The Kano State Government had charged Kabara with four counts, bordering on blasphemous comments against Prophet Muhammad (PBUH) on Aug.10, Oct. 25 and Dec 20, 2019.
With due respect to all, the entire scenario that played out in the court is, to say the least, highly nauseating and totally against the professional ethics required of players in the administration of justice in this country. In one of my previous articles on the relationship between the Bar and the Bench, I penned down as follows:
In R. vs. O’Connell (1844) p261 at 312-313 lifted from Oputa JSC’s book “OUR TEMPLE OF JUSTICE” p.14, Crampton J. said thus:
“This court in which we sit is a Temple of Justice, and the Advocate at the Bar as well as the Judge on the Bench are equally ministers in that Temple. The object of all, equally, would be the attainment of justice…”
Oputa JSC further distilled some guiding principles on the relationship between the Bench and the Bar as follows:
“Lawyers and Judges being instruments of justice are honoured and honourable.

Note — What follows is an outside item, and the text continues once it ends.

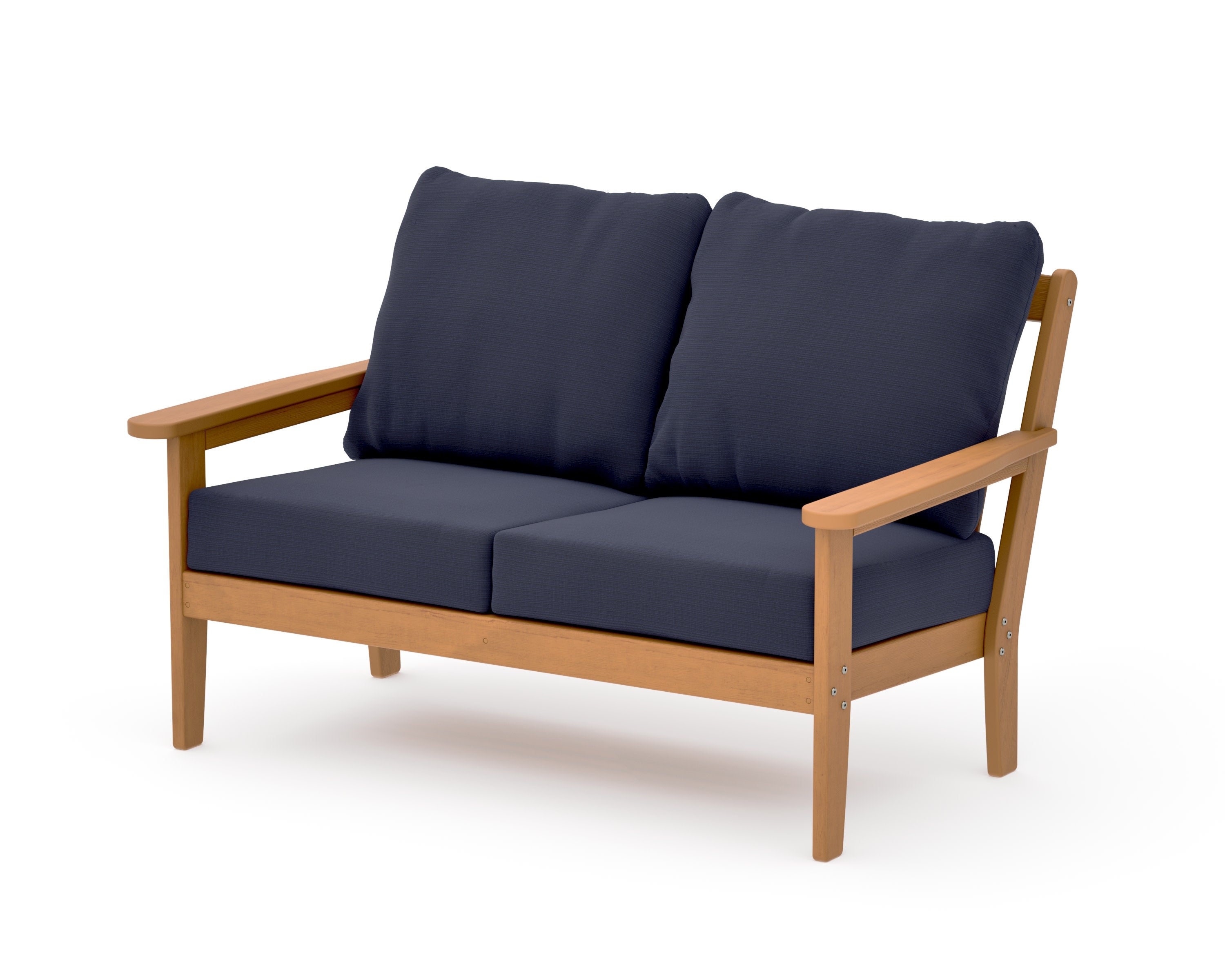 Cottage Deep Seating Loveseat in Natural / Navy Linen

Such honourable men should not allow ‘the infirmity of human nature and the strength of human passion’ to lead them astray, let alone lead them to perpetuate an outright injustice.
The Legal profession is not just another avenue for quick money-making by hook or crook. To so conceive the profession, is to degrade it.”
Similarly, Richard Du Cann in his book: “The Art of the Advocate” speaking on the duty of the Advocate while quoting Lord MacMillan, a Lord Advocate-General in Scotland and a member of the Judicial Committee of the House of Lord’s declared the duty in fivefold as follows:
“In the discharge of his office, the Advocate has a duty to his client, a duty to his opponent, a duty to the court, a duty to himself, and a duty to the state. The duties, in fact, begin long before he rises to his feet resplendent in horsehair wig and stuff gown”.
Hence, it is not part of the duties of a Lawyer to win at all costs or at any cost. There is rather a heavy cost to winning at all costs and that cost is disdain and dishonour and the desecration of the sacred temple of justice. Judges and Lawyers have a prior and perpetual retainer on behalf of the truth.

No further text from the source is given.